Paul Martin Lester, Ph.D. Professor Department of Communications, H-230 CSUF Fullerton, California 92634 657.449.5302 FAX: 657.773.2209 at firstname.lastname@example.org (c)1995 ALL RIGHTS RESERVEDMichael J. Carlebach, The Origins of Photojournalism in America. Washington: Smithsonian Institution Press, 1992. 194 pp.
Let me begin by revealing a few biases: I am a long-time fan, practitioner and teacher of the photographic medium, Michael Carlebach is a respected peer of mine, and I enjoy reading photographic histories especially when I can relate the information to practical, present-day concerns. I am relived to report that Carlebach doesn't disappoint.
Two of the primary issues for today's image makers is the inevitable transition between analog film to digital materials and the associated ethical concerns of the new, electronic medium. (Did Hillary Clinton wear an S&M outfit in the oval office? Did Tanya and Nancy ever skate together? Did Marilyn Monroe really know President Lincoln? - to give a few examples from recent covers). It is no wonder, then, that a book that traces the early history of photojournalism from the daguerreotype introduced in 1839 to the halftone process of 1880 should have so many helpful guidelines for predicting future visual communication challenges because in those 41 years, the photographic medium underwent several major changes:
1) In the technical process - the precious and detailed daguerreotype and the fuzzy, but negative-producing calotype were eventually replaced by the messy, yet beautiful wet-collodion process that was superseded by the practical and modern gelatin dry plate,
2) In photographic publishing - prints simply glued within the pages of a book, as well as tintypes, carte de visites, cabinet and stereocards were replaced by wood and metal engravings based on photographs or expensive and time consuming Woodburytype or collotype printing processes until the halftone process revolutionized image/word production, and
3) In the photographic culture - from itinerant daguerreotype photographers "begging" for sitters to respected Civil War and western documentarians "whose pictures make the world at once familiar and understandable."
Lessons learned and lost by nineteenth century photographers, publishers and consumers have direct bearing at this "hybrid" stage between paper and screen.
The above is not to say that the work doesn't reveal many historical details that are interesting for their own merit.
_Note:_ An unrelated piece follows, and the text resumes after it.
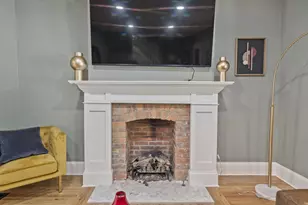 951 Mt Pleasant Ave, Columbus, OH 43201 - Photo 15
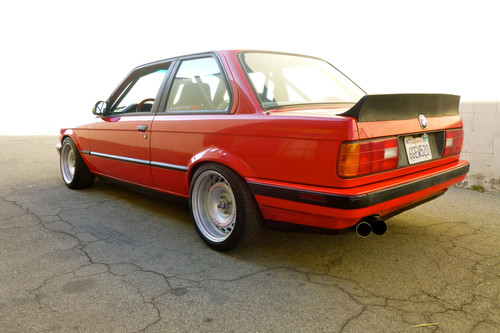 BMW E30 with Corsa GT-200 Series Steelies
For example, Carlebach drops the acute accent from photography's founder Joseph Niepce because his family members preferred that spelling. (I would rather know the proper pronunciation of his name. Is it Knee-EPPS or simply Neeps, as said by one of my photography professors?) Carlebach reminds us of the roots of the photographer as "animal" with Nathaniel Hawthorne's unflattering description in The House of the Seven Gables. American photographer, John Plumbe was the first to recognize the importance of preserving the famous faces of his day. On May 9, 1844, the first news photograph was taken by William and Frederick Langenheim during a military occupation of Philadelphia (curiously, not chosen for the cover). Stereocards were the equivalent of visual journalism, although the definition of "news" was certainly not as immediate as today. In 1844, Sarah Judd from Stillwater, Minnesota is (much too briefly) mentioned as the first photographer to set up shop in that state. P.T. Barnum, the profiteer added to the credibility of news photographers by investing in a Frank Leslie publication. After Fletcher Harper entered the publishing business, freelance photographers were needed in great numbers. A detailed description of photography and photographers during the Civil War years is included. (It is a much appreciated chapter if, like me, you were disappointed that Ken Burns failed to elaborate on how the images were made during his otherwise excellent documentary). In 1866, Ridgeway Glover was the first photojournalist killed while on an assignment - by Sioux warriors outside of a Wyoming fort. And in the 1870s, Elerslie Wallace gave fellow news photographers and those working today practical advice when he wrote, "Keep cool, don't get over-excited, and work as deliberately as possible."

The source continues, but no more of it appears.